After the merger of the two software vendors, Citrix's digital workplace (that is, virtual desktop) and application delivery can be integrated, as well as Tibco's real-time intelligent data and analysis software, which also includes a number of companies that Tibco has acquired over the past few years. Examples include data automation vendor Scribe, business intelligence vendor Information Builders, and in-memory data platform SnappyData.
9. Intel acquired Tower Semiconductor for $5.4 billion
In February this year, Intel reached a deal to acquire Israeli chipmaker Tower Semiconductor for US$5.4 billion. The company stated that the acquisition aims to promote Intel's IDM2.0 strategy and further expand Intel's manufacturing capacity, global layout and technology portfolio. to meet industry needs.
Founded in 1993, Tower Semiconductor manufactures analog integrated circuits for more than 300 customers worldwide. In addition to gaining more manufacturing capabilities, Intel will gain access to Tower's portfolio of expertise, including radio frequency, power and industrial sensors. Intel will also gain access to Tower's extensive IP and electronic design automation partnership.
The companies expect to complete the acquisition in early 2023.
10. Google acquires cybersecurity firm Mandiant for $5.4 billion
Google completed the acquisition of Mandiant in September. Mandiant, formerly known as FireEye, provides a security detection and response platform as well as detection and management services.
Google Cloud CEO Thomas Kurian said that the company plans to "reinvent security" for customers through this move, and the acquisition of Mandiant significantly expands Google's network security capabilities in real-time threat intelligence and incident response.

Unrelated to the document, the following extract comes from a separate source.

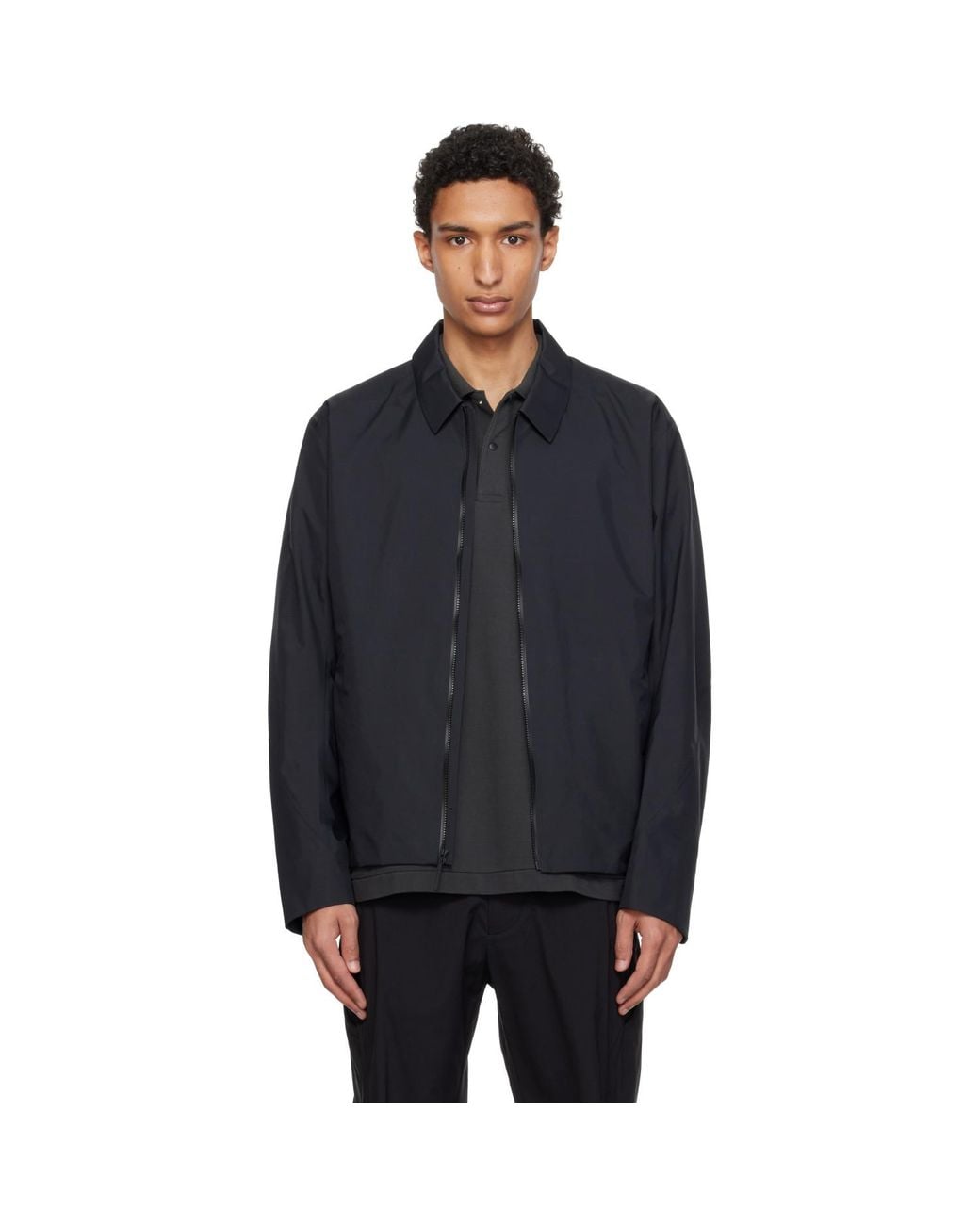 Veilance Black Centroid Jacket for men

Google Cloud stated that the acquisition of Mandiant will strengthen Google Cloud’s existing security services, including Zero Trust Security Solution BeyondCorp Enterprise, Malware Analysis Service VirusTotal, Cloud Computing Native Security Information and Event Management (SIEM) Platform Chronicle, Security Monitoring and Security Management guidance services, etc., allow Google Cloud to provide end-to-end security operation services, so that enterprises can be guaranteed at every stage of the security life cycle.